With support from President Trump’s administration and bipartisan backing, Congress adopted the First Step Act by large margins. This important, but limited prison and sentencing legislation is one of the final acts of the 115th Congress.
“The First Step Act responds to longstanding concerns that have been expressed by the National Association of Evangelicals and others about the overuse of incarceration and the destructive impact of prison life,” said Galen Carey, NAE vice president of government relations.
The measure strengthens rehabilitation programming in federal prisons, so that inmates are better prepared to be productive and law-abiding citizens upon release. It reduces some mandatory minimum sentences and prohibits the shackling of mothers in prison during childbirth. It also improves access by faith-based organizations and volunteers to serve inside federal prisons.
The reauthorization of the Second Chance Act, a law that provides funding and support for programs that help returning citizens reintegrate into society, is also included in the First Step Act. Congress designated April as Second Chance Month, and the NAE encourages its members to sponsor or join activities in April that bring attention to opportunities for ministries with ex-offenders.
The First Step Act applies only to the federal prison system. While some states have implemented similar reforms, many lag behind. Carey said, “While the First Step Act is an encouraging start to criminal justice reform, much more remains to be done to achieve policies that deter crime, keep communities safe, assist victims and rehabilitate offenders.

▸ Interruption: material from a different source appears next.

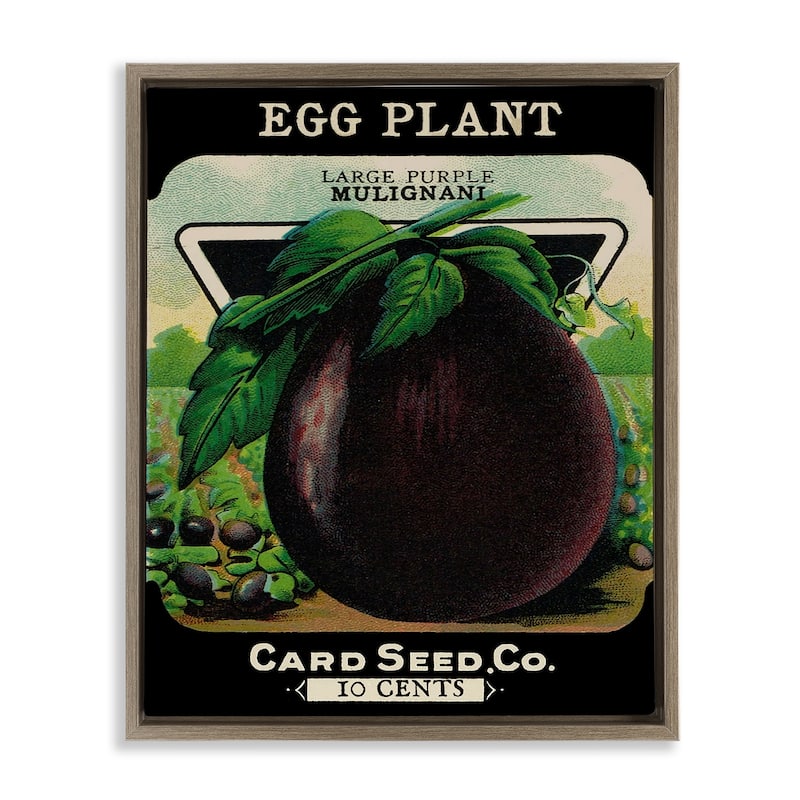 Stupell Vintage Garden Eggplant Framed Floater Canvas Wall Art Design By Lil' Rue - 25 x 31 - Brown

We look forward to working with Congress and with others to continue improving our criminal justice system.”
The NAE has worked closely with Prison Fellowship and other ministries to build support for prison ministry and criminal justice reform. In 2017 we jointly issued the Justice Declaration, a statement of principles to guide criminal justice policy and programs. The NAE also has several resolutions on prison reform including Sentencing Reform 1983 and The Church’s Responsibility to Prisoners 1997.